Conservative think tank says giving council housing to the needy has created ghettos

Tenants should be obliged to look for work as a condition of getting social housing, a new report from a Tory think tank has said.

The study commissioned by former Conservative Party leader Iain Duncan Smith and carried out by think tank The Centre for Social Justice said the proportion of social housing tenants in full time employment has halved from 67% to 34% between 1981 and 2006.

The research said council housing estates have degenerated into ghettoes with high rates of crime, unemployment and drug addiction because of a longstanding government policy requiring that local authorities give priority to those of “greatest need” on housing waiting lists.

The report claims this rule should be scrapped to ensure a social mix on estates and provide working families as “role models” to families dependent on welfare.

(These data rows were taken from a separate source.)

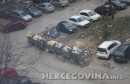Mostar: Bura nosi smeće po gradu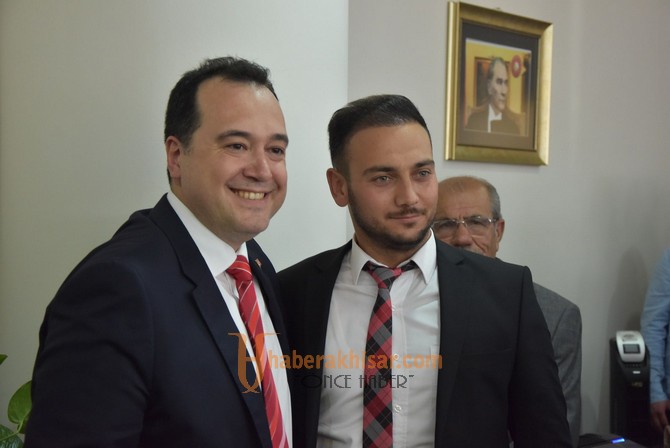 Belediye Başkanı Besim Dutlulu, ilk gün tebrikleri kabul etti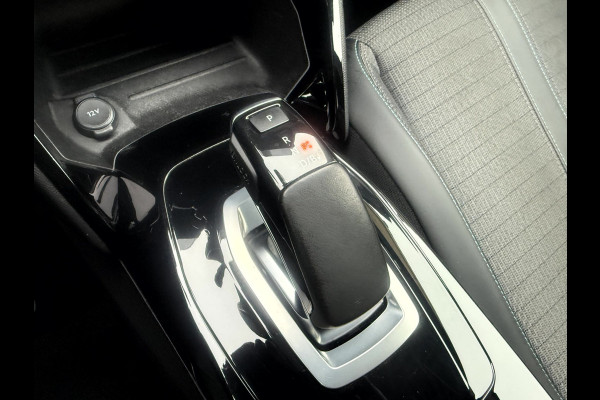 Peugeot e-2008 EV Allure Pack 50 kWh SOH 91,3%, Camera, Carplay, Stoelverwarming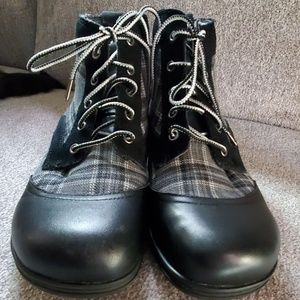 Alegria Lace-up Boots
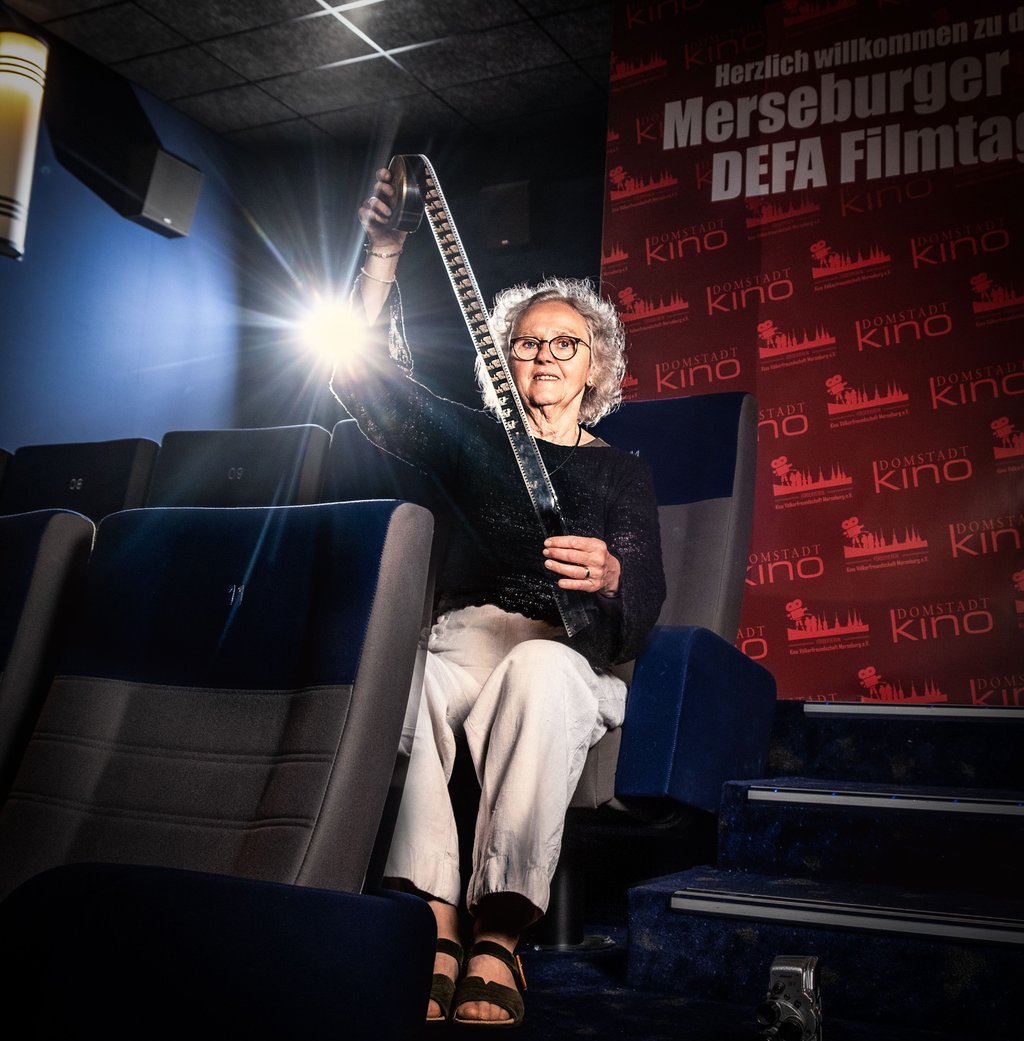 Halina Czikowsky, hier im Merseburger Domstadtkino, organisiert als Vorsitzende des Fördervereins Kino Völkerfreundschaft die alljährlichen Defa-Filmtage in Merseburg.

Mr Smith, who commissioned the report after visiting the deprived Easterhouse estate in Glasgow said: “What we have done over the last 30 years is create ghettoes where we have put all the most broken families. As a result these families go on to have broken children. We should be ashamed.”

Today, the average income of two in three tenants in social housing is 40% of the national average compared to 73% in the early 1980s and one in four heads of household on council estates are registered as permanently sick or disabled.

The report calls for the abolition of security of tenure for council tenants and the encouragement of more people to move out of social housing once they are able to buy or rent in the private sector. The Tories argue such terms were only appropriate when estates were dominated by stable working class families in the sixties.

The report also recommends that tenancy agreements should include conditions requiring the tenant to seek employment. It also called for more family sized housing to be built to encourage couples with children to remain together.